Your objective -
Reproduce the entries exactly. Omit none of them.

Data records -
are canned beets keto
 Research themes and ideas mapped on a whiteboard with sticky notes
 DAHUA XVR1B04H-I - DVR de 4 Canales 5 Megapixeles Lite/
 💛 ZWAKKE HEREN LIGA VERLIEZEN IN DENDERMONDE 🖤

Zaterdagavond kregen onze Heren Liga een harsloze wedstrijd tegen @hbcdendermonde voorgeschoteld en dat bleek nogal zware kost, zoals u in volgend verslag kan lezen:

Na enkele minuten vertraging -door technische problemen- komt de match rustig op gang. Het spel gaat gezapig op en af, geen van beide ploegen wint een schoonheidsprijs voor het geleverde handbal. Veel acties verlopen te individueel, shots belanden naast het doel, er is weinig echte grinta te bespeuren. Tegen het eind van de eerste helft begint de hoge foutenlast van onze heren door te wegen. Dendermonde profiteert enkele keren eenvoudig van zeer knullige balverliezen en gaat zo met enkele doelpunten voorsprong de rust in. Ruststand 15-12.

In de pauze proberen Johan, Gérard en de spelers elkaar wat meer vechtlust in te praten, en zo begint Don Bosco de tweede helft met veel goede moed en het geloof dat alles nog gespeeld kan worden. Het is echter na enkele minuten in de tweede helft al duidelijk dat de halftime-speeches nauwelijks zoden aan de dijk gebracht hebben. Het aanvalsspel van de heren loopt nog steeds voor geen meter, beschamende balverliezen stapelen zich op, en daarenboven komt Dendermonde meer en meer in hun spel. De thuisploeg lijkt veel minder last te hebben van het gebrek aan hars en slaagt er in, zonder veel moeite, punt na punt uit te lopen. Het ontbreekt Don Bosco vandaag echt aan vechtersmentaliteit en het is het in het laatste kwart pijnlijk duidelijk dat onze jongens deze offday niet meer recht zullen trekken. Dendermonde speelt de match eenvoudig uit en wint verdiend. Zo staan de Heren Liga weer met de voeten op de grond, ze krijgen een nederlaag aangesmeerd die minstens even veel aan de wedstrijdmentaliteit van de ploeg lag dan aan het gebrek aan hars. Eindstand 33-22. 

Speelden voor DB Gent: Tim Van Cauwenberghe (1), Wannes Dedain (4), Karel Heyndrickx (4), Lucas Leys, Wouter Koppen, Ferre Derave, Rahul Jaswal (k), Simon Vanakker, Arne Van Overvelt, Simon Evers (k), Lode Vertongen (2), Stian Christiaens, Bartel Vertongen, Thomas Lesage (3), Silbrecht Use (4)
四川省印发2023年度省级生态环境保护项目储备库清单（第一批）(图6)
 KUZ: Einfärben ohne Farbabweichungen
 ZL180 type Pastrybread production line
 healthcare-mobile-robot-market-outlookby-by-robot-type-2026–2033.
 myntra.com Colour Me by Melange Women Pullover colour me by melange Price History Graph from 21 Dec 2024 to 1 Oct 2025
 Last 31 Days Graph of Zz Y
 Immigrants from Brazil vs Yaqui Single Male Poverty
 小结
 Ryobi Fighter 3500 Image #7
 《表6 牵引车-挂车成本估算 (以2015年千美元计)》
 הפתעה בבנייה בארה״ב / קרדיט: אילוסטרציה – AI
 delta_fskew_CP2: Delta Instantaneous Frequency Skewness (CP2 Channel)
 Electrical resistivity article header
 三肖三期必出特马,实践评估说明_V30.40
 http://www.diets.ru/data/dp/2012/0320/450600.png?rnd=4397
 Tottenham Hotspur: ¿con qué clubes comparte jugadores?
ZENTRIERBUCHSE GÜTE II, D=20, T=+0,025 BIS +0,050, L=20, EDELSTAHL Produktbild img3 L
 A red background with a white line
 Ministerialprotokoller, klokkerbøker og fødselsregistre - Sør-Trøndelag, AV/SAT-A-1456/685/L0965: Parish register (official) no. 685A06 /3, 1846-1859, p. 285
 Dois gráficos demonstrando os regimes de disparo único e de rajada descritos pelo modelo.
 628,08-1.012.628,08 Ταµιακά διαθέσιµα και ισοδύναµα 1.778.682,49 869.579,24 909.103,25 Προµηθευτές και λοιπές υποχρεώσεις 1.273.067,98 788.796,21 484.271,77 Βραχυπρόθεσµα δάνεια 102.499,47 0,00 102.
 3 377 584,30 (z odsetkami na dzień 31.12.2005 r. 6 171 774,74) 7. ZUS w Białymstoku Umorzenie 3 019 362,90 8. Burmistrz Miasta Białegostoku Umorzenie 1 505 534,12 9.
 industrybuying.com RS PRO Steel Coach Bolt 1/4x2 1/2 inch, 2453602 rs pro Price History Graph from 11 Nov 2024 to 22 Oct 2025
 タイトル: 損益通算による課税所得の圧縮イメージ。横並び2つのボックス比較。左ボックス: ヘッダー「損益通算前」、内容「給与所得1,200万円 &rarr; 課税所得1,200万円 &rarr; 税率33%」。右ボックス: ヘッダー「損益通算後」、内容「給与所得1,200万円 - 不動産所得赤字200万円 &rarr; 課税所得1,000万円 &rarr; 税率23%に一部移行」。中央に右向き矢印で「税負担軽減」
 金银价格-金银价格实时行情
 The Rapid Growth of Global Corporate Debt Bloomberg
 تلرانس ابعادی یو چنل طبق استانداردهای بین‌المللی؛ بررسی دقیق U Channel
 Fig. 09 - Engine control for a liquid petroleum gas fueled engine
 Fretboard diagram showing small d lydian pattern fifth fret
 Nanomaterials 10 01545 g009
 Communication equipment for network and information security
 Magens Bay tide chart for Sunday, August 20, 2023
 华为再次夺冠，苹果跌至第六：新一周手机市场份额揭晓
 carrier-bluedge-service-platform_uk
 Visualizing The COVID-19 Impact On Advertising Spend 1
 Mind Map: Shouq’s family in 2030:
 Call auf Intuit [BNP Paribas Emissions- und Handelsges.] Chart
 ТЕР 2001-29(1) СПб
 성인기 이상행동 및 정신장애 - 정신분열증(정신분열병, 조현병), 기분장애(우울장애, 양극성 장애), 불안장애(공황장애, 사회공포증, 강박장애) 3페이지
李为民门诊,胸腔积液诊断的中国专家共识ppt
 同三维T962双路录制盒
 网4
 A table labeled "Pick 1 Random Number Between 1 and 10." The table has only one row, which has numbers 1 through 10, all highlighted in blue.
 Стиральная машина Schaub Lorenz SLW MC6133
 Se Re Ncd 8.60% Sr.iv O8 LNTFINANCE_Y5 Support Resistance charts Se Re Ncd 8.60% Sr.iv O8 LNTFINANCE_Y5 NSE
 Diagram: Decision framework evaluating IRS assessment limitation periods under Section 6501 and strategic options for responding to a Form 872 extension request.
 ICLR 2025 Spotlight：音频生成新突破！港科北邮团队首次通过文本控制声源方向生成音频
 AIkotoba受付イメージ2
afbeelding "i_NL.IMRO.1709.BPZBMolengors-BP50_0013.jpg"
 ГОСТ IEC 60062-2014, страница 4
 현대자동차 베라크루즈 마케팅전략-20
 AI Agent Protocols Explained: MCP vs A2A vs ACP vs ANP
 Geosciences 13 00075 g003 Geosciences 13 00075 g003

Written response -
are canned beets keto
 Research themes and ideas mapped on a whiteboard with sticky notes
 DAHUA XVR1B04H-I - DVR de 4 Canales 5 Megapixeles Lite/
 💛 ZWAKKE HEREN LIGA VERLIEZEN IN DENDERMONDE 🖤

Zaterdagavond kregen onze Heren Liga een harsloze wedstrijd tegen @hbcdendermonde voorgeschoteld en dat bleek nogal zware kost, zoals u in volgend verslag kan lezen:

Na enkele minuten vertraging -door technische problemen- komt de match rustig op gang. Het spel gaat gezapig op en af, geen van beide ploegen wint een schoonheidsprijs voor het geleverde handbal. Veel acties verlopen te individueel, shots belanden naast het doel, er is weinig echte grinta te bespeuren. Tegen het eind van de eerste helft begint de hoge foutenlast van onze heren door te wegen. Dendermonde profiteert enkele keren eenvoudig van zeer knullige balverliezen en gaat zo met enkele doelpunten voorsprong de rust in. Ruststand 15-12.

In de pauze proberen Johan, Gérard en de spelers elkaar wat meer vechtlust in te praten, en zo begint Don Bosco de tweede helft met veel goede moed en het geloof dat alles nog gespeeld kan worden. Het is echter na enkele minuten in de tweede helft al duidelijk dat de halftime-speeches nauwelijks zoden aan de dijk gebracht hebben. Het aanvalsspel van de heren loopt nog steeds voor geen meter, beschamende balverliezen stapelen zich op, en daarenboven komt Dendermonde meer en meer in hun spel. De thuisploeg lijkt veel minder last te hebben van het gebrek aan hars en slaagt er in, zonder veel moeite, punt na punt uit te lopen. Het ontbreekt Don Bosco vandaag echt aan vechtersmentaliteit en het is het in het laatste kwart pijnlijk duidelijk dat onze jongens deze offday niet meer recht zullen trekken. Dendermonde speelt de match eenvoudig uit en wint verdiend. Zo staan de Heren Liga weer met de voeten op de grond, ze krijgen een nederlaag aangesmeerd die minstens even veel aan de wedstrijdmentaliteit van de ploeg lag dan aan het gebrek aan hars. Eindstand 33-22. 

Speelden voor DB Gent: Tim Van Cauwenberghe (1), Wannes Dedain (4), Karel Heyndrickx (4), Lucas Leys, Wouter Koppen, Ferre Derave, Rahul Jaswal (k), Simon Vanakker, Arne Van Overvelt, Simon Evers (k), Lode Vertongen (2), Stian Christiaens, Bartel Vertongen, Thomas Lesage (3), Silbrecht Use (4)
四川省印发2023年度省级生态环境保护项目储备库清单（第一批）(图6)
 KUZ: Einfärben ohne Farbabweichungen
 ZL180 type Pastrybread production line
 healthcare-mobile-robot-market-outlookby-by-robot-type-2026–2033.
 myntra.com Colour Me by Melange Women Pullover colour me by melange Price History Graph from 21 Dec 2024 to 1 Oct 2025
 Last 31 Days Graph of Zz Y
 Immigrants from Brazil vs Yaqui Single Male Poverty
 小结
 Ryobi Fighter 3500 Image #7
 《表6 牵引车-挂车成本估算 (以2015年千美元计)》
 הפתעה בבנייה בארה״ב / קרדיט: אילוסטרציה – AI
 delta_fskew_CP2: Delta Instantaneous Frequency Skewness (CP2 Channel)
 Electrical resistivity article header
 三肖三期必出特马,实践评估说明_V30.40
 http://www.diets.ru/data/dp/2012/0320/450600.png?rnd=4397
 Tottenham Hotspur: ¿con qué clubes comparte jugadores?
ZENTRIERBUCHSE GÜTE II, D=20, T=+0,025 BIS +0,050, L=20, EDELSTAHL Produktbild img3 L
 A red background with a white line
 Ministerialprotokoller, klokkerbøker og fødselsregistre - Sør-Trøndelag, AV/SAT-A-1456/685/L0965: Parish register (official) no. 685A06 /3, 1846-1859, p. 285
 Dois gráficos demonstrando os regimes de disparo único e de rajada descritos pelo modelo.
 628,08-1.012.628,08 Ταµιακά διαθέσιµα και ισοδύναµα 1.778.682,49 869.579,24 909.103,25 Προµηθευτές και λοιπές υποχρεώσεις 1.273.067,98 788.796,21 484.271,77 Βραχυπρόθεσµα δάνεια 102.499,47 0,00 102.
 3 377 584,30 (z odsetkami na dzień 31.12.2005 r. 6 171 774,74) 7. ZUS w Białymstoku Umorzenie 3 019 362,90 8. Burmistrz Miasta Białegostoku Umorzenie 1 505 534,12 9.
 industrybuying.com RS PRO Steel Coach Bolt 1/4x2 1/2 inch, 2453602 rs pro Price History Graph from 11 Nov 2024 to 22 Oct 2025
 タイトル: 損益通算による課税所得の圧縮イメージ。横並び2つのボックス比較。左ボックス: ヘッダー「損益通算前」、内容「給与所得1,200万円 &rarr; 課税所得1,200万円 &rarr; 税率33%」。右ボックス: ヘッダー「損益通算後」、内容「給与所得1,200万円 - 不動産所得赤字200万円 &rarr; 課税所得1,000万円 &rarr; 税率23%に一部移行」。中央に右向き矢印で「税負担軽減」
 金银价格-金银价格实时行情
 The Rapid Growth of Global Corporate Debt Bloomberg
 تلرانس ابعادی یو چنل طبق استانداردهای بین‌المللی؛ بررسی دقیق U Channel
 Fig. 09 - Engine control for a liquid petroleum gas fueled engine
 Fretboard diagram showing small d lydian pattern fifth fret
 Nanomaterials 10 01545 g009
 Communication equipment for network and information security
 Magens Bay tide chart for Sunday, August 20, 2023
 华为再次夺冠，苹果跌至第六：新一周手机市场份额揭晓
 carrier-bluedge-service-platform_uk
 Visualizing The COVID-19 Impact On Advertising Spend 1
 Mind Map: Shouq’s family in 2030:
 Call auf Intuit [BNP Paribas Emissions- und Handelsges.] Chart
 ТЕР 2001-29(1) СПб
 성인기 이상행동 및 정신장애 - 정신분열증(정신분열병, 조현병), 기분장애(우울장애, 양극성 장애), 불안장애(공황장애, 사회공포증, 강박장애) 3페이지
李为民门诊,胸腔积液诊断的中国专家共识ppt
 同三维T962双路录制盒
 网4
 A table labeled "Pick 1 Random Number Between 1 and 10." The table has only one row, which has numbers 1 through 10, all highlighted in blue.
 Стиральная машина Schaub Lorenz SLW MC6133
 Se Re Ncd 8.60% Sr.iv O8 LNTFINANCE_Y5 Support Resistance charts Se Re Ncd 8.60% Sr.iv O8 LNTFINANCE_Y5 NSE
 Diagram: Decision framework evaluating IRS assessment limitation periods under Section 6501 and strategic options for responding to a Form 872 extension request.
 ICLR 2025 Spotlight：音频生成新突破！港科北邮团队首次通过文本控制声源方向生成音频
 AIkotoba受付イメージ2
afbeelding "i_NL.IMRO.1709.BPZBMolengors-BP50_0013.jpg"
 ГОСТ IEC 60062-2014, страница 4
 현대자동차 베라크루즈 마케팅전략-20
 AI Agent Protocols Explained: MCP vs A2A vs ACP vs ANP
 Geosciences 13 00075 g003 Geosciences 13 00075 g003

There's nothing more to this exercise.